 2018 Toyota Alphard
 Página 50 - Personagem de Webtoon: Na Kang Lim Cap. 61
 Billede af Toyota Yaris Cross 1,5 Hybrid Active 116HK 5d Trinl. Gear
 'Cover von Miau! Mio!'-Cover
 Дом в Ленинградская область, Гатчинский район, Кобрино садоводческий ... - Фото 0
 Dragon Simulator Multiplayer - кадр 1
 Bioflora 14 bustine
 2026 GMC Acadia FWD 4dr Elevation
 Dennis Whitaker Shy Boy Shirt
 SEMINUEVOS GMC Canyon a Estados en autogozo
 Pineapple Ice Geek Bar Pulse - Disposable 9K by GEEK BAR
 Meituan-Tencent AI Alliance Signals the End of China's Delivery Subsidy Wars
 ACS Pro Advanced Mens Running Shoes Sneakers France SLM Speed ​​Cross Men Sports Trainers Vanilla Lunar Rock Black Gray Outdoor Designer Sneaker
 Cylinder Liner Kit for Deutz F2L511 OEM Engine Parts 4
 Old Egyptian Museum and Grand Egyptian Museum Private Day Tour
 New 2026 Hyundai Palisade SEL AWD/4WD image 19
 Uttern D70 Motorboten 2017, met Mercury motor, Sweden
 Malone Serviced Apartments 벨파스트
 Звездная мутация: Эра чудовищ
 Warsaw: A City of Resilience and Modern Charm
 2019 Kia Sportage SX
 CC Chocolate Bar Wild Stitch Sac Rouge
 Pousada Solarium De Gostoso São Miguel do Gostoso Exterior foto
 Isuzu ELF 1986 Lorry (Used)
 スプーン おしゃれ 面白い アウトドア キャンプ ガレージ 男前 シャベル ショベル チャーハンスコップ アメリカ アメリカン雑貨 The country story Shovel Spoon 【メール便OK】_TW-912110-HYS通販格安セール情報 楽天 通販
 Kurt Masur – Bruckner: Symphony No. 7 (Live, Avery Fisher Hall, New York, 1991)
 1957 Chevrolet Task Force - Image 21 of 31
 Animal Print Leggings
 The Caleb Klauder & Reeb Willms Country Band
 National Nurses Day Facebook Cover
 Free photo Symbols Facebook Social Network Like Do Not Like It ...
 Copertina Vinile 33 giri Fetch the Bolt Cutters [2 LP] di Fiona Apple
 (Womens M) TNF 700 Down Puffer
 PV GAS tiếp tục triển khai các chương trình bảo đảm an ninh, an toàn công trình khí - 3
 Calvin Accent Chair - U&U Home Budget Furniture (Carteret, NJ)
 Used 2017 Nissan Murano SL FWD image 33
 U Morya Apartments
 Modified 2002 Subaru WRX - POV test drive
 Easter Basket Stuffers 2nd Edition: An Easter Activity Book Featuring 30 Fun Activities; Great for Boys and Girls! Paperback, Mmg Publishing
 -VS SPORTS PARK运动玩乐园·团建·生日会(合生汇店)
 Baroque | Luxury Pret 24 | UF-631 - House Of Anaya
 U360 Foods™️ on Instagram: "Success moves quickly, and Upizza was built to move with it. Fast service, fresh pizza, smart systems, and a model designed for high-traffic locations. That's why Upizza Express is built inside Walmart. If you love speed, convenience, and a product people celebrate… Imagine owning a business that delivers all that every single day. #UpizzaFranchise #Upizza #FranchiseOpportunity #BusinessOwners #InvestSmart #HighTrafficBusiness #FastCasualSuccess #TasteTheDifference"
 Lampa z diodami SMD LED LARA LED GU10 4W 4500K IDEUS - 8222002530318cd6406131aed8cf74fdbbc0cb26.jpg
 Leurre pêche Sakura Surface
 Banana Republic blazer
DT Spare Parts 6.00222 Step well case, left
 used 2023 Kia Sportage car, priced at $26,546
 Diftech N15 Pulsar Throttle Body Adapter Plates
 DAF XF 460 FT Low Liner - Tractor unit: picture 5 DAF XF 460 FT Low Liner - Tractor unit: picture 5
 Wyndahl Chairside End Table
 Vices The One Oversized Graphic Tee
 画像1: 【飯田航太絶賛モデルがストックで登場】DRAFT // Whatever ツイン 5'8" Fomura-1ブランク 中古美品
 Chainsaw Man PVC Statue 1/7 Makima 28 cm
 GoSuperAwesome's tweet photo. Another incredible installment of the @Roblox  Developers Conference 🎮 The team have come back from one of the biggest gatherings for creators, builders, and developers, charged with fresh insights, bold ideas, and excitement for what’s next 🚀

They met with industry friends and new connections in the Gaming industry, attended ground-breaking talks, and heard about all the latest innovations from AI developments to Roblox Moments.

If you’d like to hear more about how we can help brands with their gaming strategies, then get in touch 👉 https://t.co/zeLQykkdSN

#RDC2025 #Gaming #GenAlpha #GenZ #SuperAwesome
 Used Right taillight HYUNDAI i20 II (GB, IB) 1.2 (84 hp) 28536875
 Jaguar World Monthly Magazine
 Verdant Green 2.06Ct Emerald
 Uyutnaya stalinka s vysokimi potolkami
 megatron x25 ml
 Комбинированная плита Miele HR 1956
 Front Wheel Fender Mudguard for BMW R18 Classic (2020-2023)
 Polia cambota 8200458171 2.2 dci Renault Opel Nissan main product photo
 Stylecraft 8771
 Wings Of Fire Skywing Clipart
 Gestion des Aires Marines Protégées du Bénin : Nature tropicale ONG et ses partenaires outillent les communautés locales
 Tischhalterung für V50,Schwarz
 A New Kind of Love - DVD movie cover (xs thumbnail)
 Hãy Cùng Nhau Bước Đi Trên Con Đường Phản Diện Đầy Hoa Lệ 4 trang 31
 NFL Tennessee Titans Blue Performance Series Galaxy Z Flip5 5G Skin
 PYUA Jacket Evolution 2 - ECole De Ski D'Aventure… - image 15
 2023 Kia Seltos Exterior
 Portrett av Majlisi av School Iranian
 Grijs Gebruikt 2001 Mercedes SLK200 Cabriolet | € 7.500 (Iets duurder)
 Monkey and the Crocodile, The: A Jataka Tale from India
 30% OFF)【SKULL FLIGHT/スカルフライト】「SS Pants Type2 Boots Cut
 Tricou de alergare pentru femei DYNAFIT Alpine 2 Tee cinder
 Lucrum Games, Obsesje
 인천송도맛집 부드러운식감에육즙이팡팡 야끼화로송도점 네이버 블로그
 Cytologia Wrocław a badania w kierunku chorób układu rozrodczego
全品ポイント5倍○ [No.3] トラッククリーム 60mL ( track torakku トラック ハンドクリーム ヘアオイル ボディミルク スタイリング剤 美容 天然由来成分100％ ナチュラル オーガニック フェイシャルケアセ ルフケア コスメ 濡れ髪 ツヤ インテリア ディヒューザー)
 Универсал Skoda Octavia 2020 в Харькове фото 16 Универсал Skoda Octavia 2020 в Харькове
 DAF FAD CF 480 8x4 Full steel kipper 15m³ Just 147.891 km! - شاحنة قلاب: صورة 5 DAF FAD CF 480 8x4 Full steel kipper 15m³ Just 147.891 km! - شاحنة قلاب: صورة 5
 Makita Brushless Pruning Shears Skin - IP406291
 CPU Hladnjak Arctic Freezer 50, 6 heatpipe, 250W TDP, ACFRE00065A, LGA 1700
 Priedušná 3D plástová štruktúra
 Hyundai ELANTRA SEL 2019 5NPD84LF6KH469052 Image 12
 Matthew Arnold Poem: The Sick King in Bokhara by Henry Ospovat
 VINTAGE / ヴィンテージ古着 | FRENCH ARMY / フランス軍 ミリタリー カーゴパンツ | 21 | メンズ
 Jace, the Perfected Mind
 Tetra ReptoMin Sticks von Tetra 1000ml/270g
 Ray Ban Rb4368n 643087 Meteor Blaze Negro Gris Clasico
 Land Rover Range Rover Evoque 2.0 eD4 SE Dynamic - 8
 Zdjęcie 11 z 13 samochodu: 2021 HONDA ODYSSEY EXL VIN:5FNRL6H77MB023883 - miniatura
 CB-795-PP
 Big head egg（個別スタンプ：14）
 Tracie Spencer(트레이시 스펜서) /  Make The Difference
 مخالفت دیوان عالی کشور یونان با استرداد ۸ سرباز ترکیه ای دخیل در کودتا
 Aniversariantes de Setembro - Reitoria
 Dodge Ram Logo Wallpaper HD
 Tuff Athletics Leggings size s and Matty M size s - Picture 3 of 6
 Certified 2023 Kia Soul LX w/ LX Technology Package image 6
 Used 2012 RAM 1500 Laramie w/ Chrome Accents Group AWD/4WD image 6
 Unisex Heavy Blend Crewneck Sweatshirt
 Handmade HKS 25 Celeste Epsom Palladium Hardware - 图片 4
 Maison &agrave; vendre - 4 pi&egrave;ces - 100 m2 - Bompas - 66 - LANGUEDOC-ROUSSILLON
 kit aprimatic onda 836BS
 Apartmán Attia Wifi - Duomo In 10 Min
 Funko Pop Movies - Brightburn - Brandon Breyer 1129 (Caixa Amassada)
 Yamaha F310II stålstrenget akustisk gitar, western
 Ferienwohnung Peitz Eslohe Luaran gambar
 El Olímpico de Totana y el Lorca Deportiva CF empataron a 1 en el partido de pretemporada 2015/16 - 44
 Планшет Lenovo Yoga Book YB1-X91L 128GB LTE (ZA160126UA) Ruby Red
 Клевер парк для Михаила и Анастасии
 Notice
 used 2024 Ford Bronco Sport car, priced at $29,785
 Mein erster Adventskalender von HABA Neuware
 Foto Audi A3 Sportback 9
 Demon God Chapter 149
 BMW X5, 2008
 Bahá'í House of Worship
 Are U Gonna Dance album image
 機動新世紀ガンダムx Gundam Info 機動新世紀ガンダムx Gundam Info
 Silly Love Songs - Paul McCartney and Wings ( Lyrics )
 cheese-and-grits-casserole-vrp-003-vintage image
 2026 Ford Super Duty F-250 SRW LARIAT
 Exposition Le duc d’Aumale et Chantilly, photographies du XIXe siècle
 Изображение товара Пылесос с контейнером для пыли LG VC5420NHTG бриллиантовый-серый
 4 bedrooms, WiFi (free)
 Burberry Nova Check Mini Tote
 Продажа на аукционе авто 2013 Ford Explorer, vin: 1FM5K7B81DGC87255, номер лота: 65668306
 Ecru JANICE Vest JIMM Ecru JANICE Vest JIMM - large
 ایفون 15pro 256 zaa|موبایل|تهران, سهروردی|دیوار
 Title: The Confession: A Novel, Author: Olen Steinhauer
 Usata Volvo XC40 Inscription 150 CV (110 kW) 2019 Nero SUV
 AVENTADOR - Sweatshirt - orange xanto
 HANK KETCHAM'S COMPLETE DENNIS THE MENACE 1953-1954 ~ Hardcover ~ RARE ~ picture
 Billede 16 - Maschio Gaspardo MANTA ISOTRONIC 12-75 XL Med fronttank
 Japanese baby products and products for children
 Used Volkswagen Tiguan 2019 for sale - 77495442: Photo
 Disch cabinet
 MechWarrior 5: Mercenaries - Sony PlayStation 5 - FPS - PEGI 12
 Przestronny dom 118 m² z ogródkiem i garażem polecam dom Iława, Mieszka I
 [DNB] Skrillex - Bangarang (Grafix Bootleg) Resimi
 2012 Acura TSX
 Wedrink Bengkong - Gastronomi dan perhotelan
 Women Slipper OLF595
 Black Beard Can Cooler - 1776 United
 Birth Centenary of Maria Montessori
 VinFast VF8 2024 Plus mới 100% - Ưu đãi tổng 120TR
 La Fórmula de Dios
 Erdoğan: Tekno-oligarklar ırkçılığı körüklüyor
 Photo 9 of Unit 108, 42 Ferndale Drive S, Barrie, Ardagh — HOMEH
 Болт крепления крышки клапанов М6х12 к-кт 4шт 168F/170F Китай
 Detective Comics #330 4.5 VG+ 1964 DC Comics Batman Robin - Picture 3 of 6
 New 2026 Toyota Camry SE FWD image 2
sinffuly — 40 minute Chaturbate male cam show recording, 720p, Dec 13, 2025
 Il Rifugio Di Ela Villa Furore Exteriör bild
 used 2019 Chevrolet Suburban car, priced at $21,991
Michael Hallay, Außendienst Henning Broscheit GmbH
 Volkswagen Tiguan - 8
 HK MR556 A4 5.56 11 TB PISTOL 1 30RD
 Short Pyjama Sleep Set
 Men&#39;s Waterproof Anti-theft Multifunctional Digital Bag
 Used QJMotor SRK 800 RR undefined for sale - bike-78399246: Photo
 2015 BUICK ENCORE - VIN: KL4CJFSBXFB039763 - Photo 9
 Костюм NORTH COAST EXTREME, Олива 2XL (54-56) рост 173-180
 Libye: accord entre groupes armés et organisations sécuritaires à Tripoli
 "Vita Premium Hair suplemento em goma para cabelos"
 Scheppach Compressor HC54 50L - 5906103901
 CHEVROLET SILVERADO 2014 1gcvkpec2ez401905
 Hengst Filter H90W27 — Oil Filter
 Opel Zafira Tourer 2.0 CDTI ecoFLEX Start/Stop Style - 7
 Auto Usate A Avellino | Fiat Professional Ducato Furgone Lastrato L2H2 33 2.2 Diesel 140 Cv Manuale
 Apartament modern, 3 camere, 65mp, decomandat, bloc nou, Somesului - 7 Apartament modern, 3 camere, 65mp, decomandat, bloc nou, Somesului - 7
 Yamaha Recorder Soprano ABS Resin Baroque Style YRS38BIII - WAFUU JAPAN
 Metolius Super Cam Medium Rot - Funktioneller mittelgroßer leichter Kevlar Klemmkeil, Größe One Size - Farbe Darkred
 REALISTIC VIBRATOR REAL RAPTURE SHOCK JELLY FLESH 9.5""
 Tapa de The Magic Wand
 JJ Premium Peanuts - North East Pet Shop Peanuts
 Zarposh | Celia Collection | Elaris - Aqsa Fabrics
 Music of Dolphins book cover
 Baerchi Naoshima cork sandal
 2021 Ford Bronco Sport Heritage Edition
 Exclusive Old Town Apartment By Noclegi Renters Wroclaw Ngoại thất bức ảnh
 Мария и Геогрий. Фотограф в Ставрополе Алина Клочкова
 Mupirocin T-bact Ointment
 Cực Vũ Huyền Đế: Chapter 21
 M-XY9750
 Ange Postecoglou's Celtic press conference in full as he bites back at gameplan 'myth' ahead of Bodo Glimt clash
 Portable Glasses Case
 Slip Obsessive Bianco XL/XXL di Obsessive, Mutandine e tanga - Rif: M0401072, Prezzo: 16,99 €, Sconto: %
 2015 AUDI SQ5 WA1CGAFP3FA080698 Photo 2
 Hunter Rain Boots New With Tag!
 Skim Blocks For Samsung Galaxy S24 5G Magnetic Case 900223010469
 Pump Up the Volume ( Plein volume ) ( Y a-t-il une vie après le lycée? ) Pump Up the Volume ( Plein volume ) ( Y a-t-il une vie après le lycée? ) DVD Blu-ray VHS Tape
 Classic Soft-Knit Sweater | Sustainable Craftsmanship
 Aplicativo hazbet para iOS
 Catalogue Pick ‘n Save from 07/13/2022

Prompt => Look through the records and gather every line containing "Edition".

Response to this task =>
 Easter Basket Stuffers 2nd Edition: An Easter Activity Book Featuring 30 Fun Activities; Great for Boys and Girls! Paperback, Mmg Publishing
 2021 Ford Bronco Sport Heritage Edition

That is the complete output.